Secondo la Procura, la descrizione delle condizioni di lavoro dei dipendenti pakistani, bengalesi, afgani ed africani, fornita dagli operai che hanno assunto atteggiamento collaborativo ha consentito di delineare una realtà caratterizzata da un profondo sfruttamento protrattosi per un cospicuo lasso temporale, attuato al fine di minimizzare i costi e massimizzare i profitti, a discapito dei diritti fondamentali dei lavoratori. Oltre dodici ore di lavoro ogni giorno, sette giorni su sette, in totale difformità rispetto alle previsioni contrattuali, con l'impiego anche di plurimi operai non assunti formalmente e, dunque, assunti in nero, con pause circoscritte in 10-15 minuti per consumare i pasti, salari e licenziamenti decisi unilateralmente e in modo arbitrario, con costante controllo e monitoraggio dei lavoratori.

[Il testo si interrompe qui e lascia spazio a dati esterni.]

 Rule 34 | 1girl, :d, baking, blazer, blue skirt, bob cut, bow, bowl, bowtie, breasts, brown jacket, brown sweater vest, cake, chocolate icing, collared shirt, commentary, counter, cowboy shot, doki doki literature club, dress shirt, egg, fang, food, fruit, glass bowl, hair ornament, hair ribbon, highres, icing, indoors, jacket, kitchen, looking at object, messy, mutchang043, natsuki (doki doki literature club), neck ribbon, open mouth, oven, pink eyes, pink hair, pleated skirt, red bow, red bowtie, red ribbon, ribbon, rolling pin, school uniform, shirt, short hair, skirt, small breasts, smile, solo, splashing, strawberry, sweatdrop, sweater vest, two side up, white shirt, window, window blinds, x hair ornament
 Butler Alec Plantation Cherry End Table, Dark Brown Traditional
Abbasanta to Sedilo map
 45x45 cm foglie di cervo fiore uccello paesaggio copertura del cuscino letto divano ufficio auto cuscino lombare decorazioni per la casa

Condizioni che si sono protratte anche dopo i controlli amministrativi effettuati e le prescrizioni impartite sul piano amministrativo e che sono state accompagnate dalla violazione delle basilari norme dettate in materia di sicurezza suoi luoghi di lavoro. Si tratta di violazioni gravi e significative, afferma la Procura di Prato, in considerazione degli alti rischi connaturati all'attività produttiva gestita dalle società in questione, che operano all'interno del magazzino dell'azienda.

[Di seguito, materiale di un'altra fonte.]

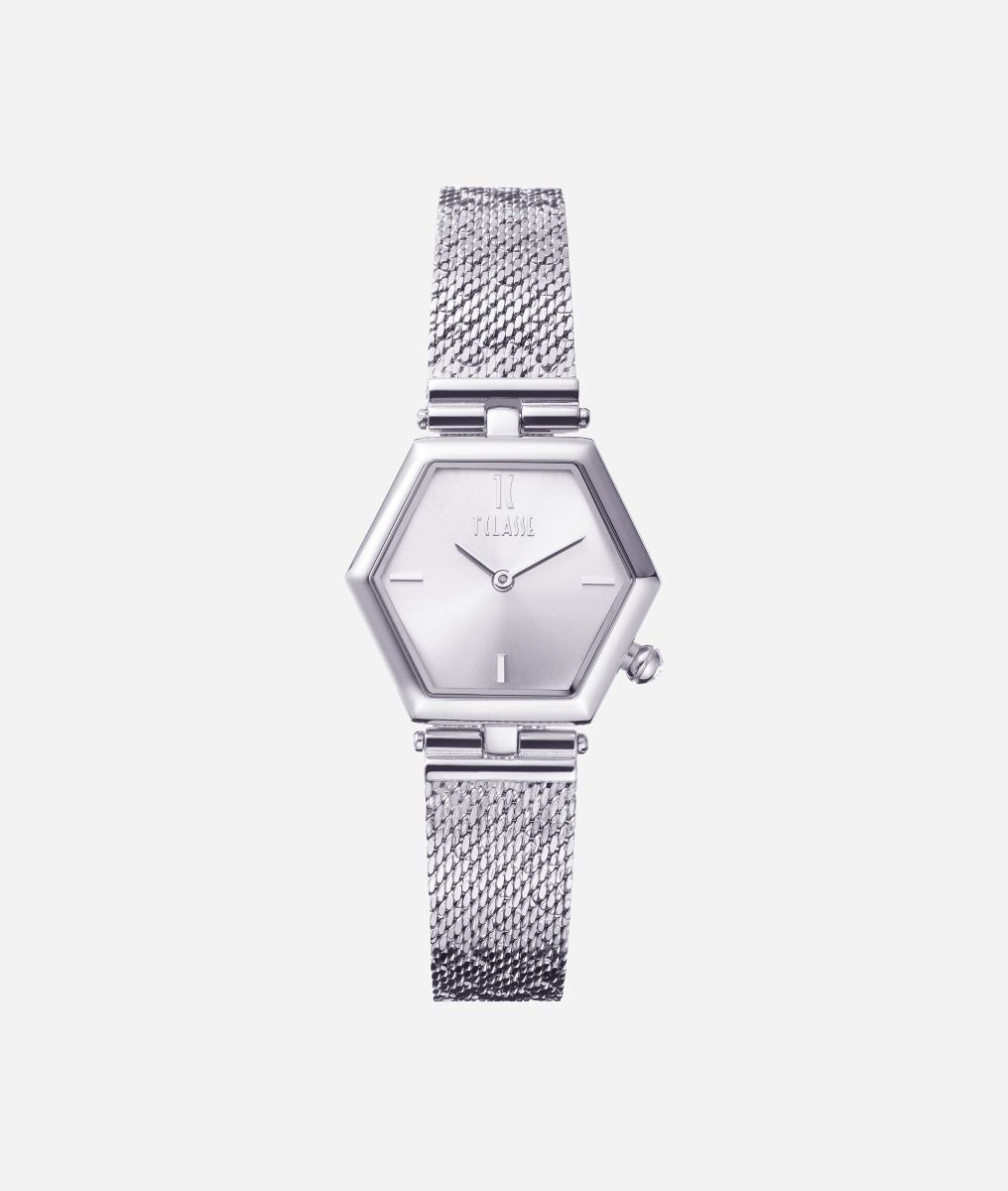 Salina orologio con cinturino in acciacio inossidabile Argento,front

Il tentativo, posto in essere da parte di diversi lavoratori, di ottenere il miglioramento delle proprie condizioni di lavoro ha comportato l'adesione dei predetti alla protesta indetta dalla sigla sindacale SiCobas, a decorrere dal mese di aprile 2023. Dopo l'adesione dei lavoratori alla protesta sindacale, se da un lato gli stessi (e solo chi vi ha aderito) hanno ottenuto condizioni di lavoro corrispondenti a quanto previsto dal contratto di lavoro, dall'altro hanno ricevuto continue intimidazioni e minacce di ripercussioni, anche fisiche, queste ultime, poi, concretizzatesi con le aggressioni notturne perpetrate ai danni di più lavoratori, fra le quali, quelle occorse: il 29 aprile 2023, ad opera di due uomini travisati; nella notte del 18 luglio 2023, subito dopo essere stato escusso il lavoratore vittima, è stato aggredito con una mazza di ferro da due individui a bordo di un motoveicolo e con il volto coperto da casco integrale; il 23 giugno 2023, a opera di uomini reclutati dall'indagato posto agli arresti domiciliari, con applicazione del braccialetto elettronico. Aggressioni brutali che si sono ripetute il 2 agosto 2023, l'8 agosto 2023 e il 9 marzo 2024, al fine di sedare le rivolte sindacali.

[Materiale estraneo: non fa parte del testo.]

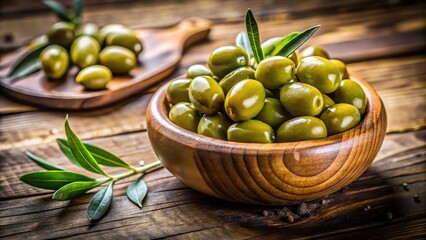 Close-up shot of green olives in a wooden bowl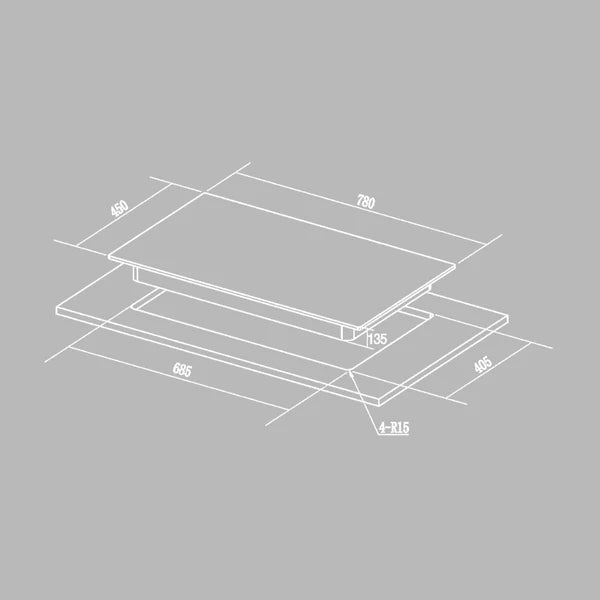 Hafele VESTA 378 78cm 3-Burner Hob - Vesta Series: Sleek and Efficient Cooking Solution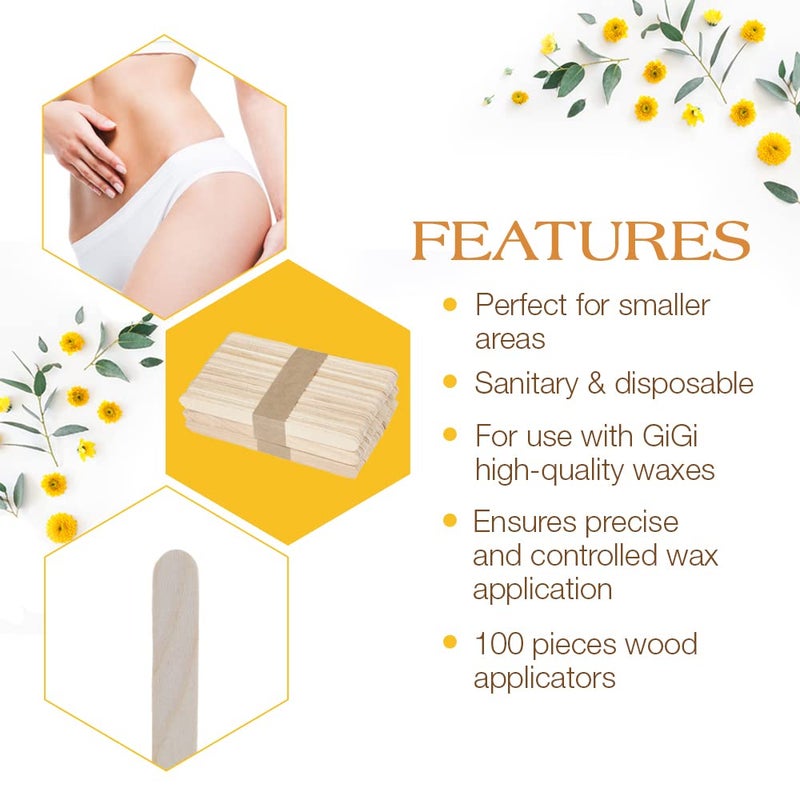 GiGi Wax Sticks for Hair Removal â€“ Small Wax Applicator Sticks, Wooden Waxing Stick for Facial Waxing, Upper Lip & Eyebrows, 1 Pack - Image 4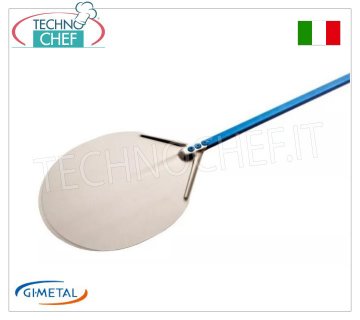 Gi.Metal - Pala para pizza redonda de aluminio, Blue Line, longitud del mango 150 cm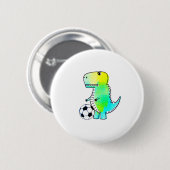 Cute Dinosaur houdt van Waterverf Ronde Button 5,7 Cm (Voorkant /achterkant)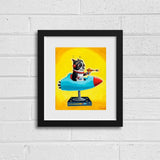 Boston Terrier gift, Space Rangers - Boston Terrier art print, space rocket Wall Decor, boston terrier home decor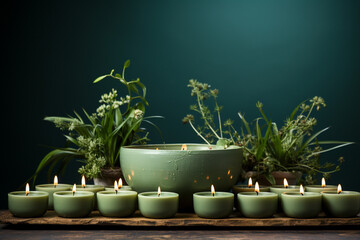 Wooden table, with green aromatic candles lit, with decorative plants, on a dark green background, generative AI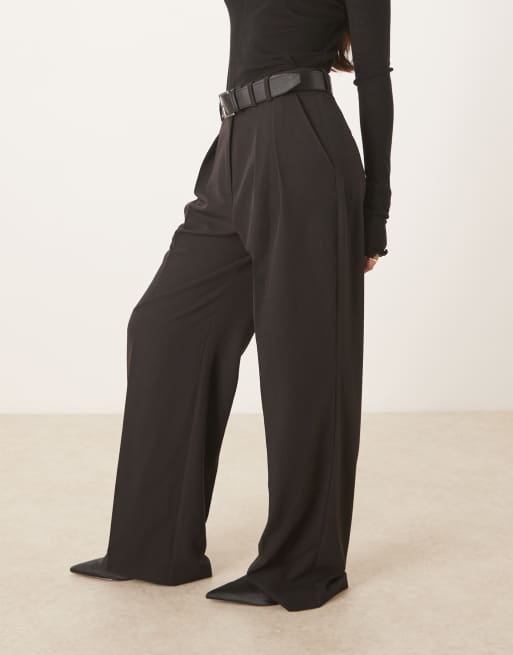 ASOS DESIGN tailored belted wide leg trousers with pleat detail in black, 2 of 5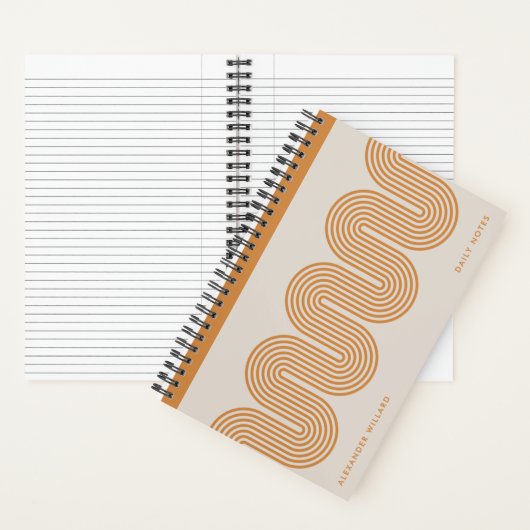 Orange Lombard Wavy Lines Modern Custom Notebook ノートブック (内側)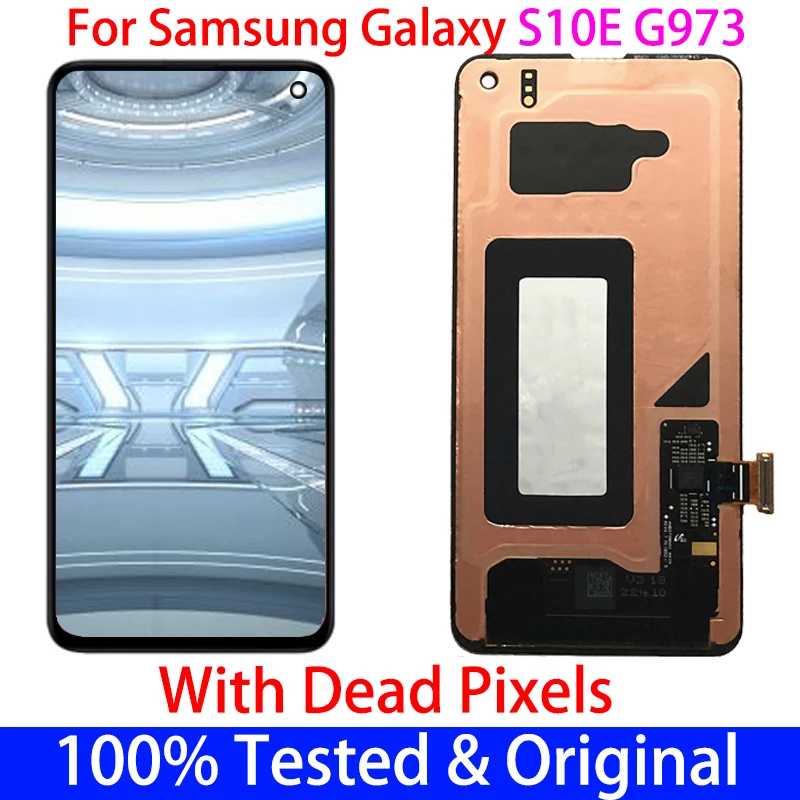 

Original S10E With Spot LCD For Samsung Galaxy S10 E G970 G970F Display+Touch Screen Digitizer Assembly replacement Frame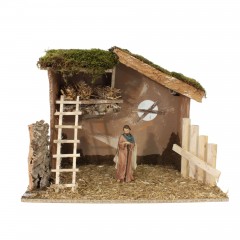 Capanna Vuota per Presepe con Luci 60 x 34 cm 87468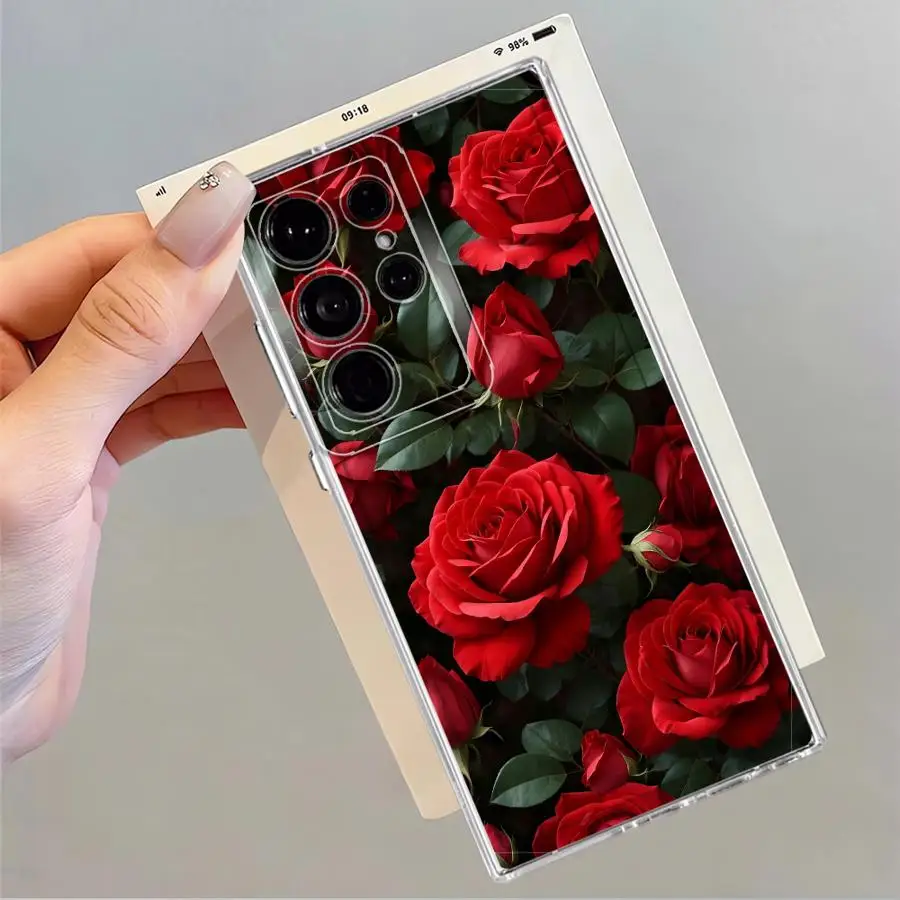 Funda suave transparente con hermosas flores para Samsung Galaxy S10 Plus S22 S25 Ultra S24 FE S21 Note 10 20 Ultra S20 S23 - imagen 3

A fronte di dichiarazioni collaborative di alcuni lavoratori, la Procura sottolinea come siano state registrate omissioni nelle indicazioni fornite da altri lavoratori, che sono state riconosciute dal Giudice quale lampante espressione del timore di subire le conseguenze negative di un intervento giurisdizionale a carico dell'impresa alla dipendenza della quale hanno trovato impiego.
Perciò, il GIP ha ritenuto sussistente un quadro idoneo a derogare alla regola, altrimenti applicabile, del c.d. "contraddittorio anticipato", permanendo la necessità dell'intervento cautelare "a sorpresa", vale a dire emettendo le misure cautelari senza previamente interrogare i destinatari delle richieste di misure cautelari.